* **ACTIVITY**
From the line that holds "The Common Seal-English" down to the last line of the listing below, transcribe exactly and only those lines. Leave pictures out.

BEGIN

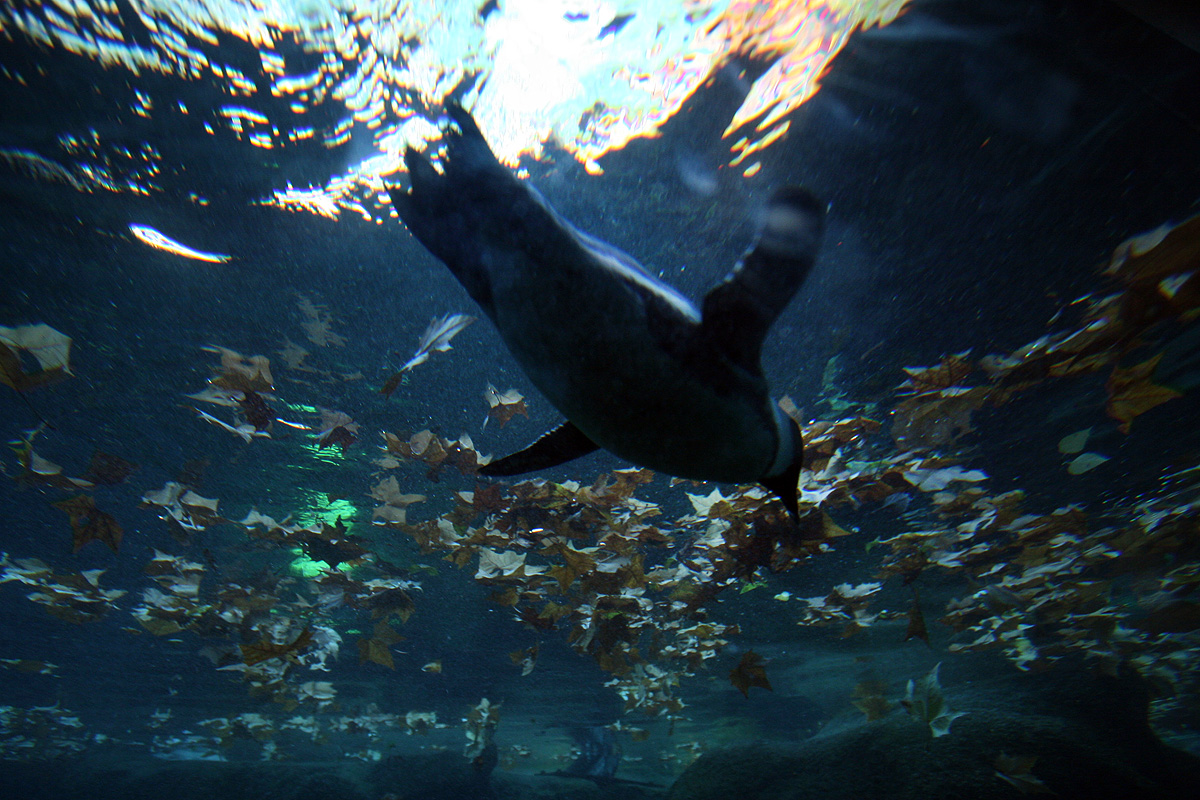 Illustration for article titled Kis híján bokán lőtt egy afrikai pingvin!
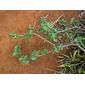 Jatropha cinerea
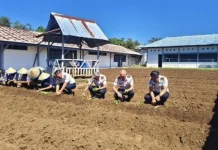 Pemanfaatan Lahan Produktif, LPKA Kelas II Tomohon Tanam Sayur Pakcoy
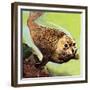 The Common Seal-English School-Framed Giclee Print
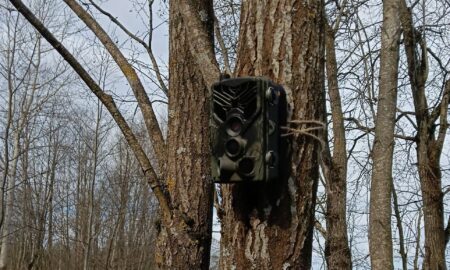 Фотоловушка висит на дереве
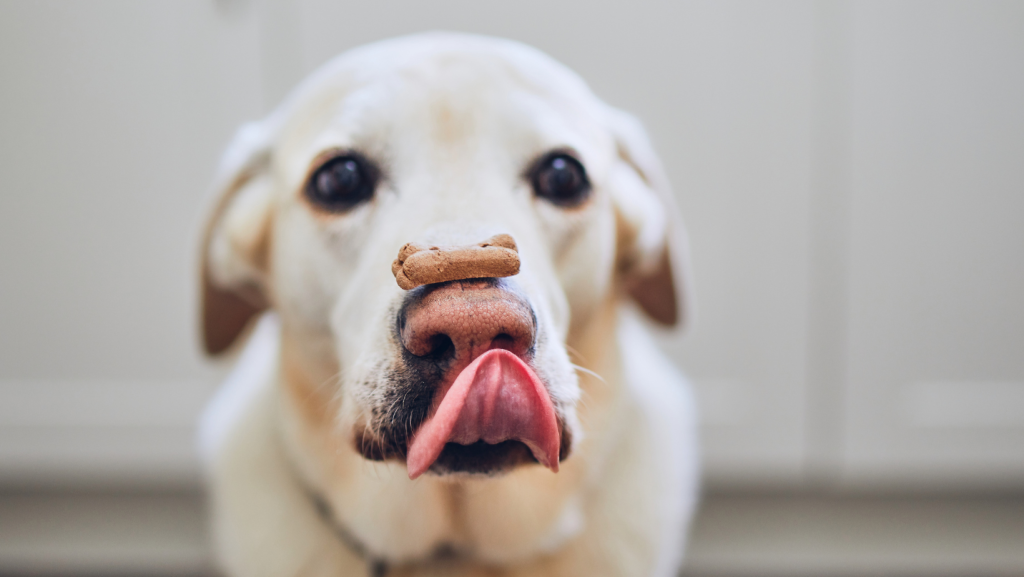 šuo su maistu ant nosies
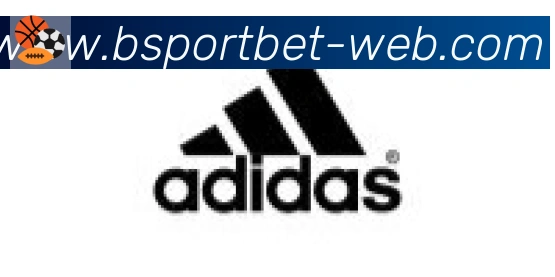 Bsports官网合作伙伴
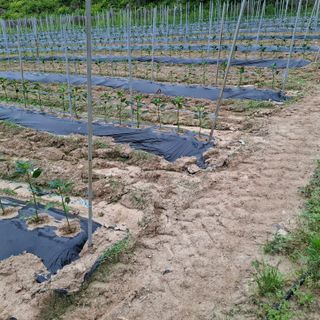 오영도님의 자유주제 · 자유게시판 작성글 사진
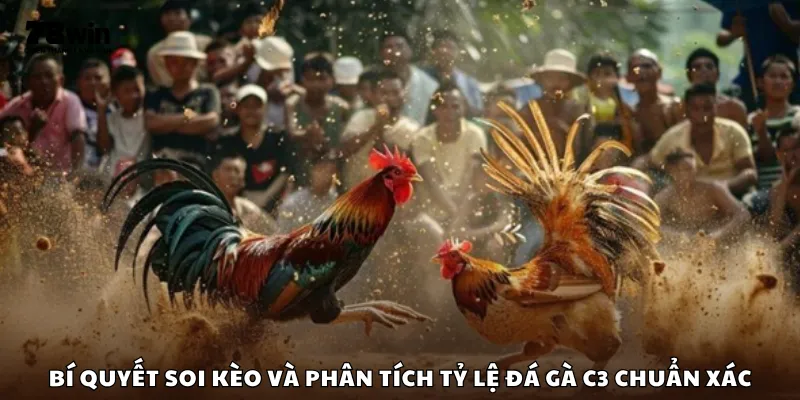 Bí quyết soi kèo và phân tích tỷ lệ đá gà C3 chuẩn xác
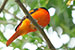 scarlet minivet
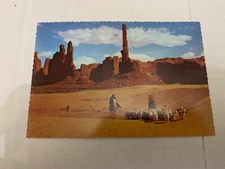 c.1970's Flock On The Dunes Monument Valley Arizona Indian Postcard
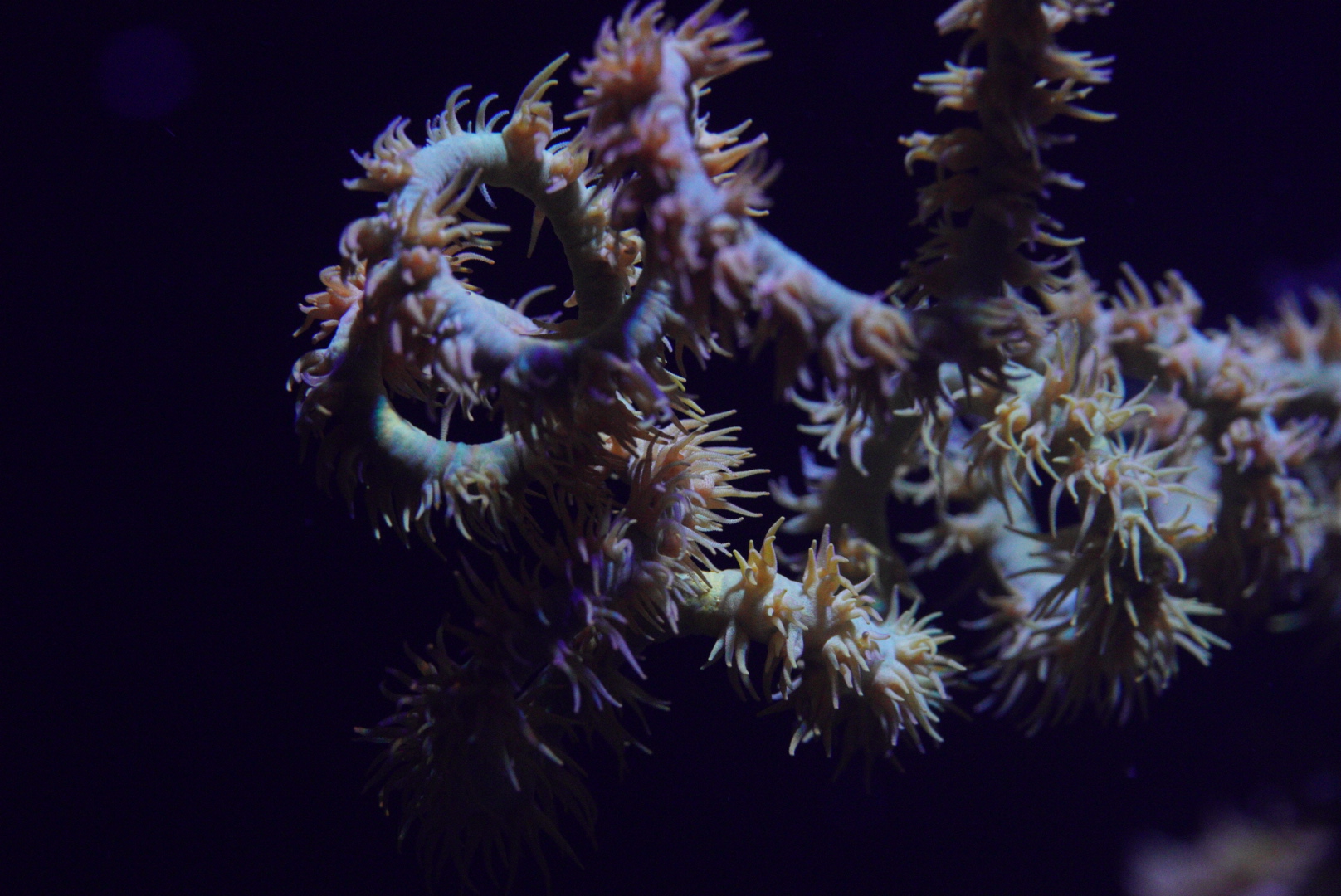 Wire Coral (Orange / Yellow)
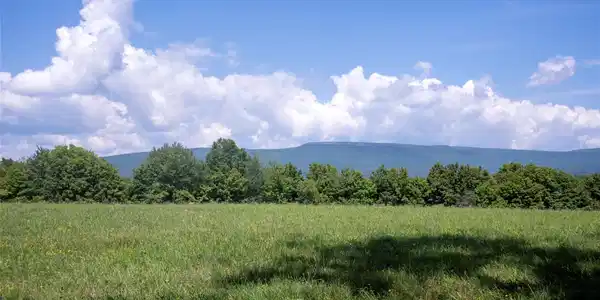 Image 4 Image 4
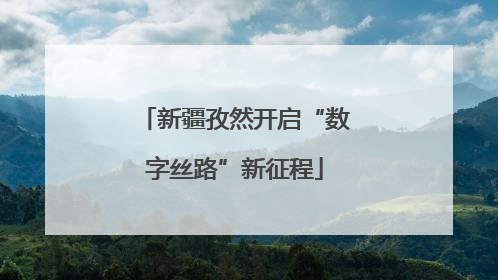 新疆孜然开启“数字丝路”新征程
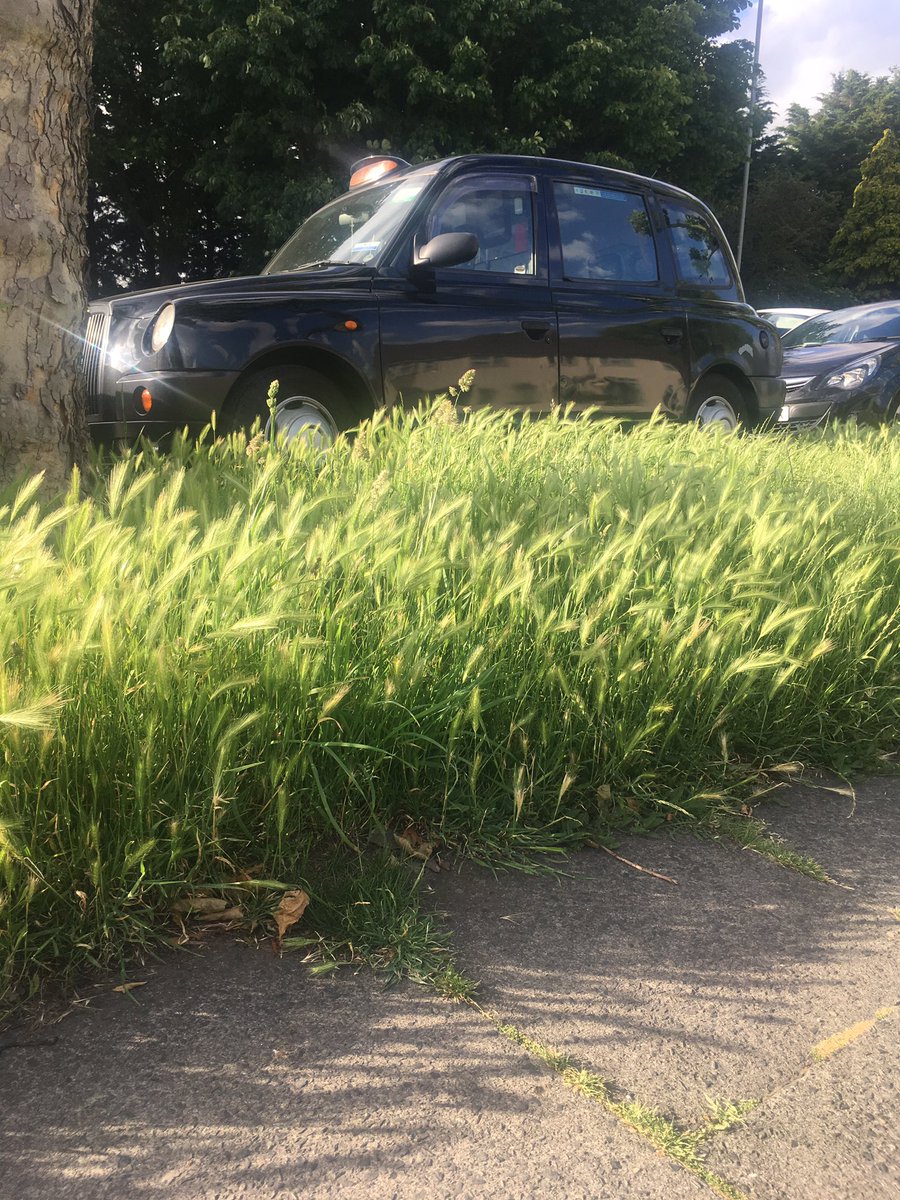 KevinMostyn1's tweet photo. Dear @LBofHavering, Ive had a corn field growing outside the front of my house for weeks. What does my £145 a month council tax go towards? https://t.co/LHtSvH1krB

END

* **SOLUTION FOR THIS PROBLEM**
 The Common Seal-English School-Framed Giclee Print
 Фотоловушка висит на дереве
 šuo su maistu ant nosies
 Bsports官网合作伙伴
 오영도님의 자유주제 · 자유게시판 작성글 사진
 Bí quyết soi kèo và phân tích tỷ lệ đá gà C3 chuẩn xác
 scarlet minivet
 c.1970's Flock On The Dunes Monument Valley Arizona Indian Postcard
 Wire Coral (Orange / Yellow)
 Image 4 Image 4
 新疆孜然开启“数字丝路”新征程
 KevinMostyn1's tweet photo. Dear @LBofHavering, Ive had a corn field growing outside the front of my house for weeks. What does my £145 a month council tax go towards? https://t.co/LHtSvH1krB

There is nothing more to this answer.